Iterative Adversarial Attack on Image-guided Story Ending Generation
Youze Wang, Wenbo Hu, Richang Hong
TL;DR
IgSEG models fuse image and text to generate endings, but are vulnerable to adversarial perturbations in multimodal settings. The authors introduce Iterative-attack, an iterative method that jointly perturbs text and the ending-related image by identifying important words via a cross-modal loss and applying a PGD-based image perturbation, maximizing the adversarial effect under a BLEU-based criterion. Across four IgSEG models and two datasets, Iterative-attack yields higher attack success rates and lower end-text quality than single-modal or non-iterative baselines, while preserving semantic similarity (Sim $\approx$ 0.95) and maintaining reasonable perplexity. The study extends to multimodal machine translation on Multi30K, showing strong cross-modal perturbation capability and highlighting the need for robust defenses and standardized benchmarks for multimodal text generation.
Abstract
Multimodal learning involves developing models that can integrate information from various sources like images and texts. In this field, multimodal text generation is a crucial aspect that involves processing data from multiple modalities and outputting text. The image-guided story ending generation (IgSEG) is a particularly significant task, targeting on an understanding of complex relationships between text and image data with a complete story text ending. Unfortunately, deep neural networks, which are the backbone of recent IgSEG models, are vulnerable to adversarial samples.

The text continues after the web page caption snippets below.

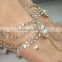 GOLD tone crystal PAYAL Anklets pair with toe ring barefoot sandal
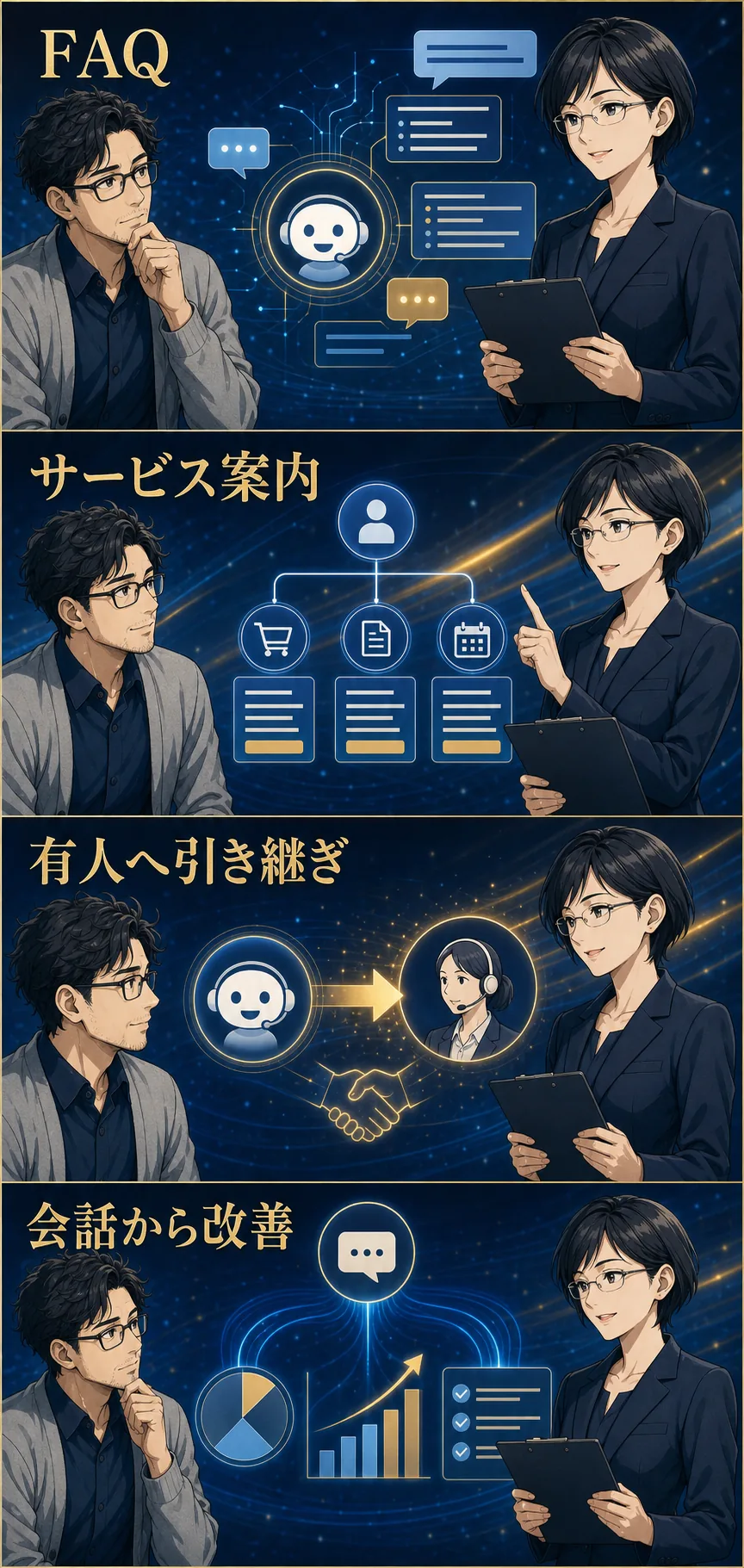 FAQ、サービス案内、有人への引き継ぎ、会話から改善を含むAI受付窓口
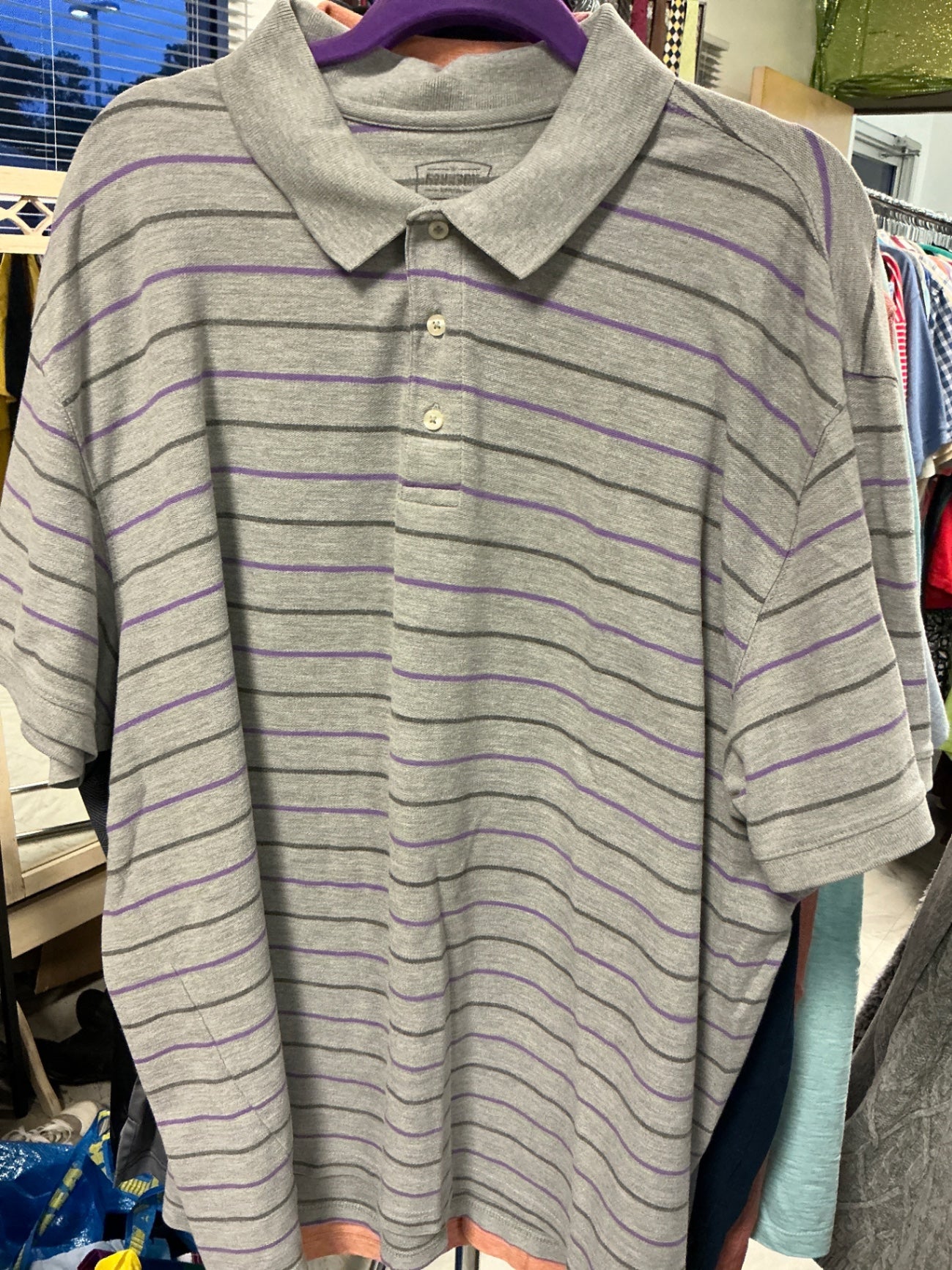 Foundry Polo Shirt - Gray with purple and Grey stripes - 3XL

Current adversarial attack methods mainly focus on single-modality data and do not analyze adversarial attacks for multimodal text generation tasks that use cross-modal information. To this end, we propose an iterative adversarial attack method (Iterative-attack) that fuses image and text modality attacks, allowing for an attack search for adversarial text and image in an more effective iterative way. Experimental results demonstrate that the proposed method outperforms existing single-modal and non-iterative multimodal attack methods, indicating the potential for improving the adversarial robustness of multimodal text generation models, such as multimodal machine translation, multimodal question answering, etc.